Task objective –
Reproduce, from the lines below, exactly the stretch that begins at the line containing "segmento más atractivo" and ends at the line containing "distintos segmentos, o", both included.

(Records from a collection)
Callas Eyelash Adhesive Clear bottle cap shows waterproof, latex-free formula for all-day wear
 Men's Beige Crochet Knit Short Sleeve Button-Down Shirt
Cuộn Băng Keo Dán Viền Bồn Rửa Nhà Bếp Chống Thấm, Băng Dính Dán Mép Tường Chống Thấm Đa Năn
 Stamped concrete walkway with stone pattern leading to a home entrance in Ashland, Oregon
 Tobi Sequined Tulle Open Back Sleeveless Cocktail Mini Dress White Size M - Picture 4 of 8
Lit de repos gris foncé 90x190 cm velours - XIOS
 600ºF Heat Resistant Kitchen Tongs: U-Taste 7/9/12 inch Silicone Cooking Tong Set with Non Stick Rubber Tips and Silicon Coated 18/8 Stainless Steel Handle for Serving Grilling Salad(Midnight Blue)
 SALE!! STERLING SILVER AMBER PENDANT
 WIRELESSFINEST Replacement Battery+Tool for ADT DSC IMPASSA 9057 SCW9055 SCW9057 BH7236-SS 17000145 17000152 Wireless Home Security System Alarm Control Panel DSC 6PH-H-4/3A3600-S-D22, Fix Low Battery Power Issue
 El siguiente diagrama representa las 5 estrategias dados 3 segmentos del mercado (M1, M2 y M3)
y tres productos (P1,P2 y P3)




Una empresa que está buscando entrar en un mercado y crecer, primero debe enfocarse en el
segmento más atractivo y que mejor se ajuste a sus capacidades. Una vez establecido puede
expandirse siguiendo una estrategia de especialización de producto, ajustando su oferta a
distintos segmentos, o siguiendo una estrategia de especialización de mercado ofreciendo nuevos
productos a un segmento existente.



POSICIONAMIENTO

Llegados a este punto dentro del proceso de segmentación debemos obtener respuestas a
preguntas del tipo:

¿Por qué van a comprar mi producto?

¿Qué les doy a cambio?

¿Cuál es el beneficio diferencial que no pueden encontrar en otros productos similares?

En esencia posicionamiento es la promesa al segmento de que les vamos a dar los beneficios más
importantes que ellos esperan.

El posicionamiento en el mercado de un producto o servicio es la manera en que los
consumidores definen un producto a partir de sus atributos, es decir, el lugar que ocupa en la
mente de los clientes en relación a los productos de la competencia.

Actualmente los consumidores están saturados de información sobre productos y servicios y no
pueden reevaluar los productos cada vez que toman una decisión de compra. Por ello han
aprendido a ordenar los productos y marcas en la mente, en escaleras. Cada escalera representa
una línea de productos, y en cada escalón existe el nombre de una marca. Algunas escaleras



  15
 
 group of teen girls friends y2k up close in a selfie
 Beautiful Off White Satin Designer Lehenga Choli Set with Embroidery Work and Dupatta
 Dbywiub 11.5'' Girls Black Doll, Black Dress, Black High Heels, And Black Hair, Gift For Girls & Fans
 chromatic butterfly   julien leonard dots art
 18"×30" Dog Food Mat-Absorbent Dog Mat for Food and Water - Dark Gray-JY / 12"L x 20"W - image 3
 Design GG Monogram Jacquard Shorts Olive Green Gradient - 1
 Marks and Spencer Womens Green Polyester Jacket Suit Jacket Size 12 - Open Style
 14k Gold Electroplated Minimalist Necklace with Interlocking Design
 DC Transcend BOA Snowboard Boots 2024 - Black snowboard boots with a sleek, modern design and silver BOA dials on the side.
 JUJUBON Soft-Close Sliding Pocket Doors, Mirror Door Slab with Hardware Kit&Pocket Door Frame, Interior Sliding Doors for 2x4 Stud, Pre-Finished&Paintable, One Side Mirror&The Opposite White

Solution –
segmento más atractivo y que mejor se ajuste a sus capacidades. Una vez establecido puede
expandirse siguiendo una estrategia de especialización de producto, ajustando su oferta a
distintos segmentos, o siguiendo una estrategia de especialización de mercado ofreciendo nuevos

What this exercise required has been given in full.